All of the data below should be repeated exactly. Pictures should not be included.

= Beginning of Section =

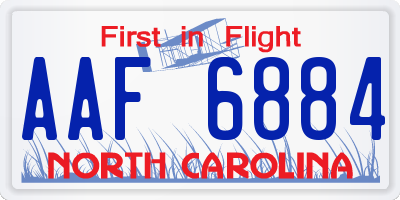 NC license plate AAF6884
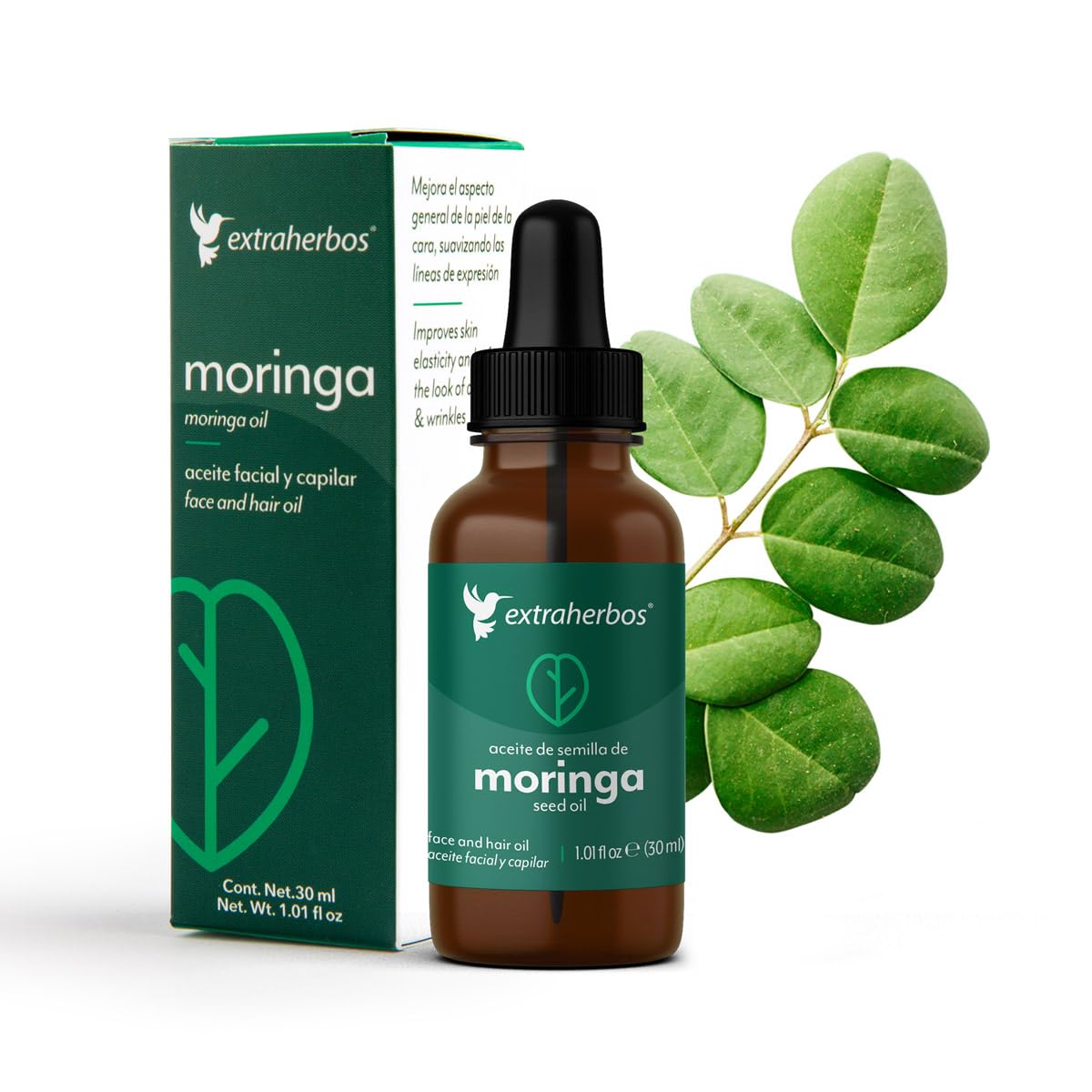 Extraherbos Aceite de Moringa Puro Orgánico, Prensado en Frío, Facial y Capilar, Antiedad, Rico en Vitamina E - Hidratación Profunda, Elasticidad y Reducción de Arrugas, 30ml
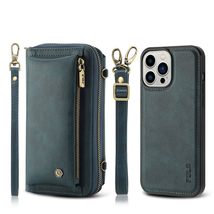 Generic Case For iPhone 16 Pro (Color: Blue) Detachable Strap Leather Zi... - $130.70
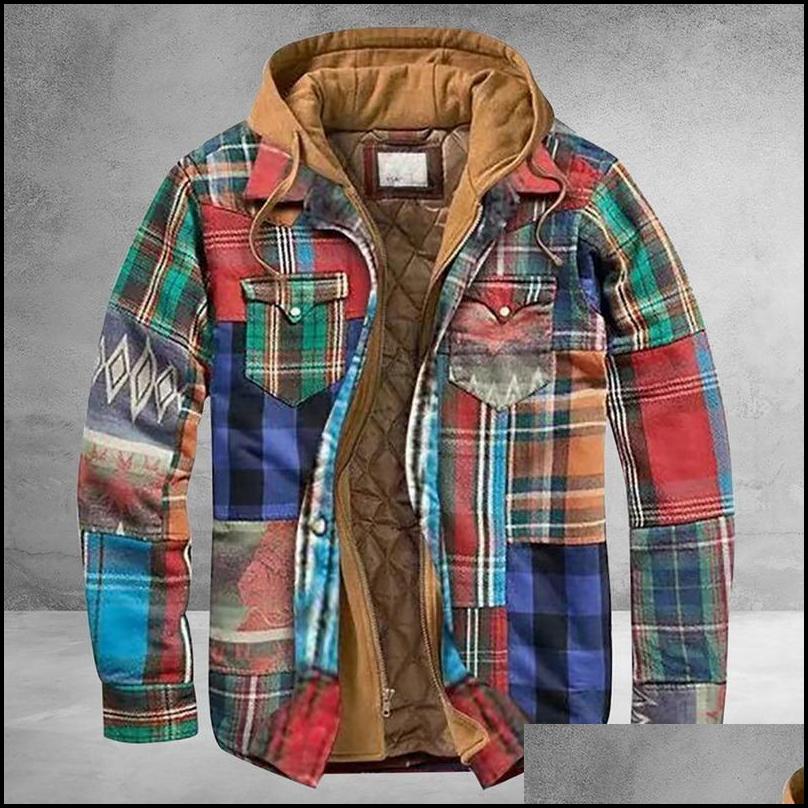 Men'S Jackets Mens Jackets Men Retro Vintage Spring Winter Long Sleeve Plaid Shirt Jacket For Checked Coat Overcoat Hooded Pocket Dr Dhxnj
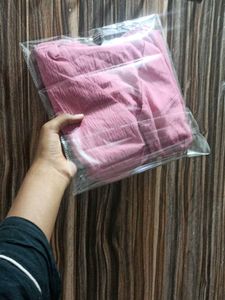 Chic Smocked Waist Pink Blouse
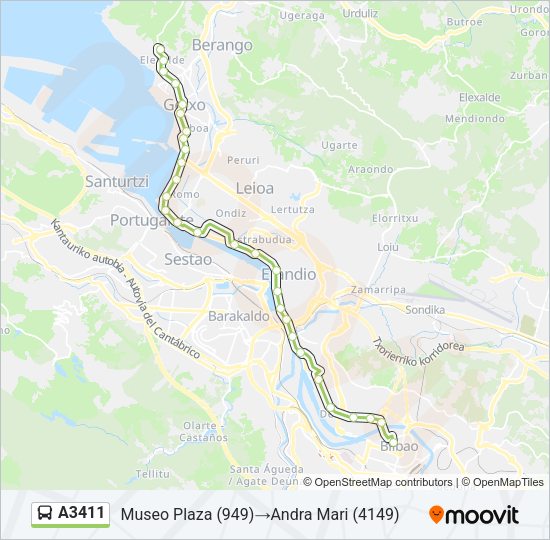 A3411 Bus Line Map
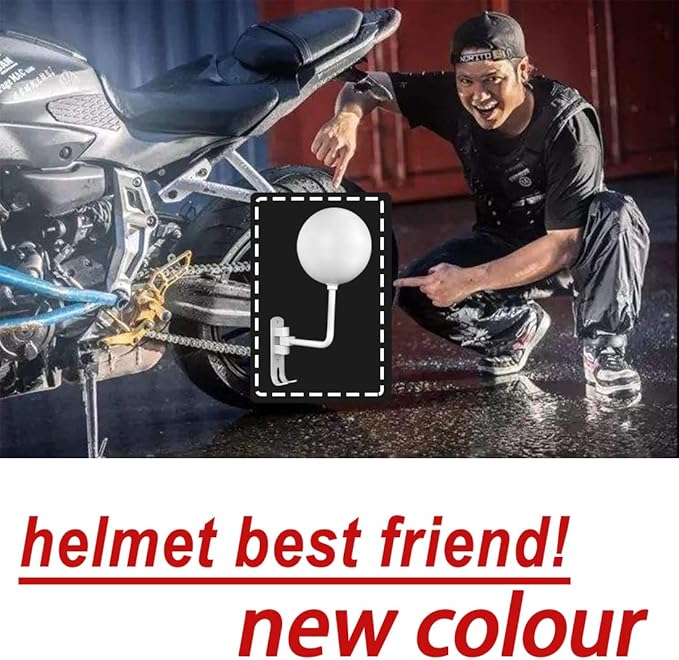 SNAGMO White 180° Motorcycle Helmet Rack, Rotation Metal Helmet Holder Wall Mount, Helmet Holder Bike with 2 Hooks Helmet Hanger for Motorcycle Bike Coats, Caps, Baseballs, Rugby Helmet (2 pcs)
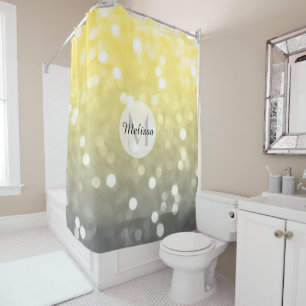 Rideaux De Douche Jaune gris brillant livre abstrait Monogramme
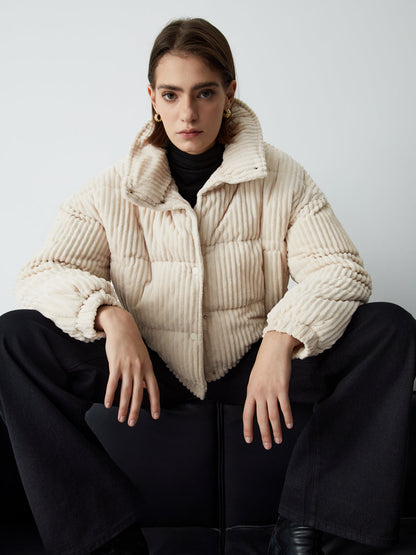 Corduroy Open Graceful Collar Puffer Coat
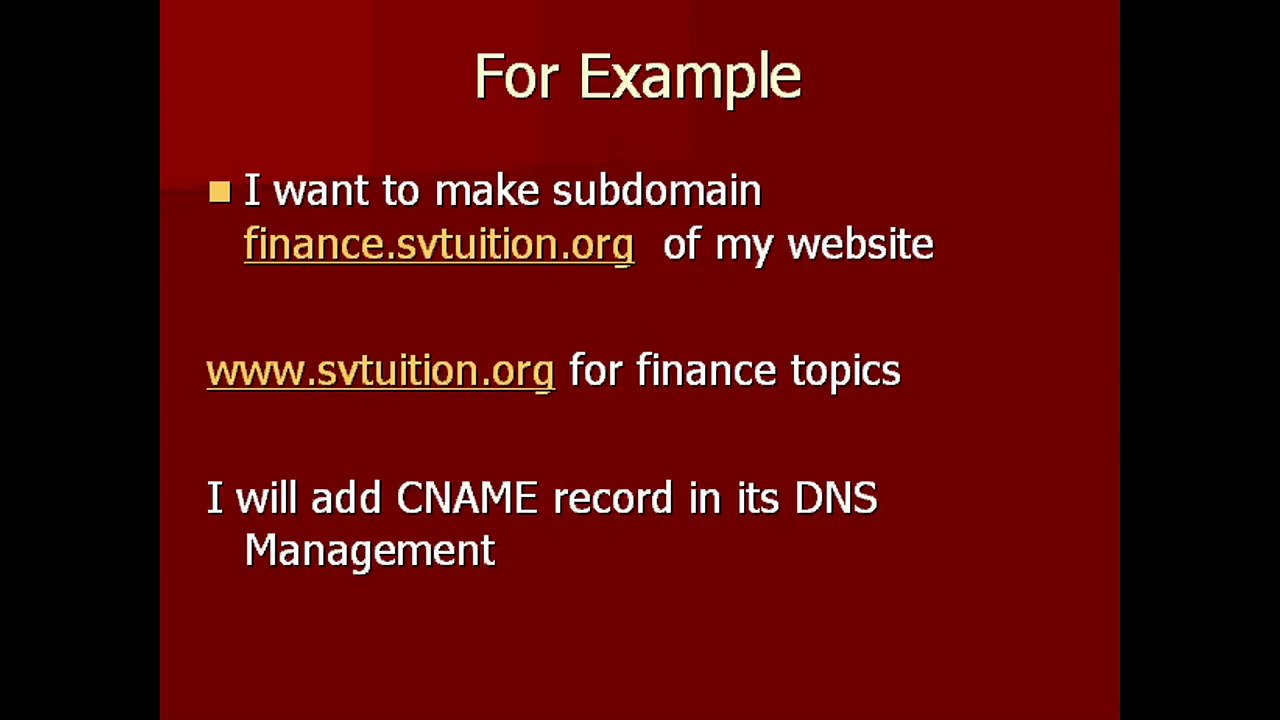 How to Make Subdomain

= End of Section =

**Exercise output**
 NC license plate AAF6884
 Extraherbos Aceite de Moringa Puro Orgánico, Prensado en Frío, Facial y Capilar, Antiedad, Rico en Vitamina E - Hidratación Profunda, Elasticidad y Reducción de Arrugas, 30ml
 Generic Case For iPhone 16 Pro (Color: Blue) Detachable Strap Leather Zi... - $130.70
 Men'S Jackets Mens Jackets Men Retro Vintage Spring Winter Long Sleeve Plaid Shirt Jacket For Checked Coat Overcoat Hooded Pocket Dr Dhxnj
 Chic Smocked Waist Pink Blouse
 A3411 Bus Line Map
 SNAGMO White 180° Motorcycle Helmet Rack, Rotation Metal Helmet Holder Wall Mount, Helmet Holder Bike with 2 Hooks Helmet Hanger for Motorcycle Bike Coats, Caps, Baseballs, Rugby Helmet (2 pcs)
 Rideaux De Douche Jaune gris brillant livre abstrait Monogramme
 Corduroy Open Graceful Collar Puffer Coat
 How to Make Subdomain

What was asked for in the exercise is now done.